I was going to write some such about political dogma and the baggage we carry when falling on any side of an issue… and then I saw The Dark Knight Rises trailer and didn’t care. Insert whatever obligatory comments about this being the article you deserve, but not… yadda yadda yadda.
This trailer allays some of my fears, chief among them that Batman won’t be interesting. I love The Dark Knight, but Bruce Wayne/Batman gets about a quarter of the screen time and is, sadly, one of the least dynamic characters. And I’m not just hot for the Joker. Aaron Eckhart, Maggie Gyllenhaal and Gary Oldman carry some serious weight. Even Morgan Freeman’s brief appearances are more than satisfactory. This left the Batman (RACHEL!) rather bland compared to the character construction we saw from the first movie.
I was also worried that Catwoman’s costume would look dumb. Something about the set photos that came out a while ago just made me think Nolan had lost his edge. The heals seem a little cliche and the whole outfit just struck me as outlandish. I know that doesn’t make a lot of sense when the main character is dressed like a Bat, but that’s where my head went.

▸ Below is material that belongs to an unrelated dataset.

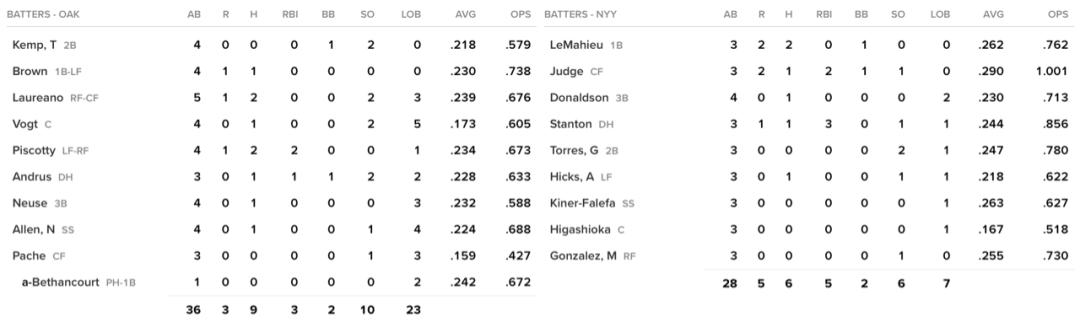 来不及看盘,赛后分析从哪看比赛数据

I was also kind of worried that Bane was gonna suck. Well, not suck, but pale in comparison to villains past. Thankfully, this trailer allays a lot of my fears and gives me hope.
Is it possible that The Dark Knight Rises will be the best film in the trilogy? To my knowledge that has never happened. Spiderman Trilogy? No! The Matrix Trilogy? HAHAHA! Back To The Future Trilogy? Sorry. Either Star Wars Trilogy? Not unless you count Episode III as better than II. Lord of the Rings? Doesn’t count because it’s one movie in three parts. Seriously, I can’t think of a single trilogy that finished stronger than it’s beginning or middle act.
But we are talking about Chris Nolan. The guy who made The Prestige and f****** Inception! The guy who made a sequel so good everyone forgot Batman Begins is the first movie in the series! It remains long shot odds, but I’m ready to believe he can do it.
I’m ready to believe it because Mr. Nolan has amazing vision and, thus far, an unerring ability to execute that vision. A while back I said something about The Dark Knight being a different kind of comic book movie. It’s not a superhero movie. It’s a case study in the cost of becoming a symbol to buttress the state when the state can’t support itself. Unlike the typical superhero series that changes gears from film to film (and features powers), Nolan’s singular theme remains the overriding subject of study.
Have you ever wondered why Nolan’s Batman doesn’t just fight criminals?
He fights terrorists.
Yeah, this Batman digs into organized crime and police corruption, but his arch nemesis always ends up being the guy that thinks the system needs to be kicked over; someone looking to replace the foundation of society. More importantly, he’s the guy trying to force us to change the way we think about Justice. This isn’t by accident. Ra’s Al Ghul, The Joker, and Bane weren’t terrorists (in most instances) in the comics. They were master criminals and gangsters. Sparing Ra’s, they were largely dependent on cheating the system to thrive.
In Batman Begins, Liam Neeson’s Ra’s Al Ghul wants to implode Gotham to scare America and the world at large into a more justice-oriented, decadence-free mode of operation. Granted, production began a couple years after 9/11, but I think it also has a lot to do with what Nolan is saying about the cost of being Batman. Case in point, Bruce Wayne doesn’t get the girl. In almost every movie (not just superhero movies) the guy gets the girl, but it doesn’t happen here because that would have taken away from the purpose. And remember what Alfred said right before Ra’s burned down the manor? He said “For Thomas Wayne helping others wasn’t about proving anything to anyone, including himself… what you’re doing has to be beyond that. It can’t be personal, or you’re just a vigilante.”
The Dark Knight took it to the logical next step. Enter the Joker, another terrorist set to be Batman’s perfect opposite. And through this escalation, the intensity of Batman’s cost is increasingly clear. Instead of getting the girl, Bruce loses the girl and his best chance at a normal life. Batman almost destroys the system he embodies just to stop pure anarchy, and only just manages to cancel out the mayhem at the cost of his own reputation. Being the hero Gotham needs is about forgoing ego and even your own sense of values. The most heroic thing anyone can do is sacrifice their beliefs for the good of others.
Enter Bane. I don’t know what his deal is, but it’s clear he’s out to destroy with no care for profit. And the trailer flirts with how much Batman has left to give. While all three movies are distinct, the message is uniform. That in itself has me pretty excited.
Gordon: “I never said thank you.”
Batman: “And you’ll never have to.”
Or maybe I’m wrong and Batman represents the capitalist usurpation of democracy and Bane is the 99%. What do you think?